North Korean missile test-launches set world on edge

By Jake Mulick
Staff Writer

North Korea test-launched a ballistic missile directly over Japan in a brazen attempt to intimidate the country on Aug. 28, according to The New York Times.

Kim Jong-un inspects the hydrogen bomb. (AP Photo)
Kim inspects the hydrogen bomb. (AP Photo)

Former Senior Director for Asian Affairs Evan Medeiros remarked that the move by North Korea had serious thought behind it.

The goal of the launch was to test the alliance between the United States and Japan. The Atlantic reported that as tensions rise between the United States and North Korea, Japan runs the risk of being attacked because of its staunch alliance with the United States.

The test served as a reminder of Japan’s proximity to North Korea and the likelihood that North Korea will engage in military action beginning there, according to The Atlantic.

North Korea does have the nuclear capability to strike Japan and South Korea, both close neighbors to the country. This fact could hurt relations between the two countries and the United States because of President Donald Trump’s continuing provocation of North Korea.

The Washington Post recently reported on Saturday, Sept. 2 that President Trump also plans on pulling the United States out from a free trade deal it has with South Korea, amidst the aforementioned nuclear threat from North Korea.

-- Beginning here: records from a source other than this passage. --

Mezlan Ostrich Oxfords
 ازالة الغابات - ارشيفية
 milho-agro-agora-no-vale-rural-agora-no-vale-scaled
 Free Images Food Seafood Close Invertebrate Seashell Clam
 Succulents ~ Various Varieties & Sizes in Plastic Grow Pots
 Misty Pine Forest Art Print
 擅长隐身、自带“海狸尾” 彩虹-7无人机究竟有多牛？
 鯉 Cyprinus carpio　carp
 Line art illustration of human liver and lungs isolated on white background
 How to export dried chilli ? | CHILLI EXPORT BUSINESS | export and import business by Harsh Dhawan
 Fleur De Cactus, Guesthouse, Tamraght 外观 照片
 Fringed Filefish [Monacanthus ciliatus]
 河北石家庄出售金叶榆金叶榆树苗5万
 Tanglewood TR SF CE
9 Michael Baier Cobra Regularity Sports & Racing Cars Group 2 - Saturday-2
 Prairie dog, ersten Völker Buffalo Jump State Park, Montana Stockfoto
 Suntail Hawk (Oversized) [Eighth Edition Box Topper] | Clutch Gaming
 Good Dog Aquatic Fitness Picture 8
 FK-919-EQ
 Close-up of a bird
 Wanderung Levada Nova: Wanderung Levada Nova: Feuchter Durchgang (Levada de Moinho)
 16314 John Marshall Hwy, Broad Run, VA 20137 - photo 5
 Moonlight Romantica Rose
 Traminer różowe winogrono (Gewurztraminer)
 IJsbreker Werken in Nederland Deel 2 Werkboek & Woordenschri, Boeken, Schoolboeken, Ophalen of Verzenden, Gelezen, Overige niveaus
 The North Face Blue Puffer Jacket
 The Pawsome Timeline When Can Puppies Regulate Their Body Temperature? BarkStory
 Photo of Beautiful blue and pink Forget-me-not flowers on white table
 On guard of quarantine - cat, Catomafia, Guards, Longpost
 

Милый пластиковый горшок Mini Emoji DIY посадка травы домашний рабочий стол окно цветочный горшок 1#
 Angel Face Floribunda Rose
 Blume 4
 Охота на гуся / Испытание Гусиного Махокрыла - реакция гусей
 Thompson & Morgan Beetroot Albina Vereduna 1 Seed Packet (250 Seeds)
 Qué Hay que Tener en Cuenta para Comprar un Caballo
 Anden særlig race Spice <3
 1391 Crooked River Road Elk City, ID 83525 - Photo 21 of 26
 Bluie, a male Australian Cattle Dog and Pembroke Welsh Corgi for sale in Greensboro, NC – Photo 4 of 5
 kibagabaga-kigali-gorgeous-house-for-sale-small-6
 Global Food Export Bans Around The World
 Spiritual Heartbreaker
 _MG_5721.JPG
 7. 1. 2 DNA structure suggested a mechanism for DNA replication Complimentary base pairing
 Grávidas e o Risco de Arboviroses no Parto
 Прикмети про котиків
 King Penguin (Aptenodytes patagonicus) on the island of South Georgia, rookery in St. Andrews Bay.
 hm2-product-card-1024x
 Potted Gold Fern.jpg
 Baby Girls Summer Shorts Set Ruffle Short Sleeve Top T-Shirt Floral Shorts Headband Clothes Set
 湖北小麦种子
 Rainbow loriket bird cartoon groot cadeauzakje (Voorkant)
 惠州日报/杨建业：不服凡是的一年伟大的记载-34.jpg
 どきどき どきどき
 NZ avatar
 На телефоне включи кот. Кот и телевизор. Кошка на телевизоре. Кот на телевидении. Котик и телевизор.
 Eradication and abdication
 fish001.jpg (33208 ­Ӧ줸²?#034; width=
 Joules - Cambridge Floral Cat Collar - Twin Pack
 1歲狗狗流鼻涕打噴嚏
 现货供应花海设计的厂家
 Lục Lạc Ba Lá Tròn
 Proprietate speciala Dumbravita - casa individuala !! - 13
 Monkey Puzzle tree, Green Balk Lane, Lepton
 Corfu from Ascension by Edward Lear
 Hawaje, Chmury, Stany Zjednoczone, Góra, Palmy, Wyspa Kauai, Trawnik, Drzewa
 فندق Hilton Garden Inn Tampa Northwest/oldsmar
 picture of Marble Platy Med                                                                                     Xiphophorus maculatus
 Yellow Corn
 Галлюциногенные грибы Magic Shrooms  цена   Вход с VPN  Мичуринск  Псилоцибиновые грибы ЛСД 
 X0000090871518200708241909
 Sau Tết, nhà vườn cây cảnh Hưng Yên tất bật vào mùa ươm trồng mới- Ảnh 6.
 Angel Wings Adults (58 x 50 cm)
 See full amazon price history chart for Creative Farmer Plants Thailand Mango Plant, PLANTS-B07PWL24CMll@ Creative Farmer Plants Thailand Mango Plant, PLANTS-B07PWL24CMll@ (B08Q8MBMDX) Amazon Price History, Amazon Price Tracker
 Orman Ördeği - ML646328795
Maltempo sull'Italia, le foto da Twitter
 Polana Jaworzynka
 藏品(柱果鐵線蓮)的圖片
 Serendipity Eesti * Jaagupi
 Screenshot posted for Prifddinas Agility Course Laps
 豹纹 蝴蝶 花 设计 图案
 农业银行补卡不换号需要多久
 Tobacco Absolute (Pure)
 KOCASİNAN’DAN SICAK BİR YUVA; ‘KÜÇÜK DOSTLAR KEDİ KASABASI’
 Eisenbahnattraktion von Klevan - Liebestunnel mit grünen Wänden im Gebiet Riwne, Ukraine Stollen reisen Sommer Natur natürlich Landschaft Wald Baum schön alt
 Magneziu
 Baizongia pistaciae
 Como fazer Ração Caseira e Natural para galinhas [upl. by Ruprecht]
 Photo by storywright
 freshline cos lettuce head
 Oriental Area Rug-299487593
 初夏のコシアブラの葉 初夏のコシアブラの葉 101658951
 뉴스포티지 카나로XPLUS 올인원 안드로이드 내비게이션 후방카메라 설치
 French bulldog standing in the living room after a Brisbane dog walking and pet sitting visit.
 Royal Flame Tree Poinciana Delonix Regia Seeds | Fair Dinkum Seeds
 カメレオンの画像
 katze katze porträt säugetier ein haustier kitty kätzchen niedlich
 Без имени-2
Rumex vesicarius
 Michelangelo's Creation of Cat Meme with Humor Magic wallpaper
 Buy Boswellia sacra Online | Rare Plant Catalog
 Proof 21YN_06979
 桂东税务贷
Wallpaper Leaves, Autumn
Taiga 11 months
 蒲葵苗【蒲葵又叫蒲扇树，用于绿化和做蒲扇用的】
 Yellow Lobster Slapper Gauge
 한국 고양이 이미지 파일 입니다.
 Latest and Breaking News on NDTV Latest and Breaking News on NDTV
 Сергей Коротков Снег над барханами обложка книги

President Trump has threatened nuclear war with North Korea and worsened relations with Japan as of Saturday, Sept. 2, according to the New York Times.  Now Trump looks to dampen the economic relationship with our ally, South Korea.

Trump’s U.N. envoy, Nikki Haley, announced that the U.N.’s Security Council will hold an emergency meeting about North Korea’s latest hydrogen bomb test on Monday, Sept. 4., according to CNN.

Only time will tell what the ramifications of these actions will look like, as military tensions between the nations are at their highest in years, according to the Washington Post.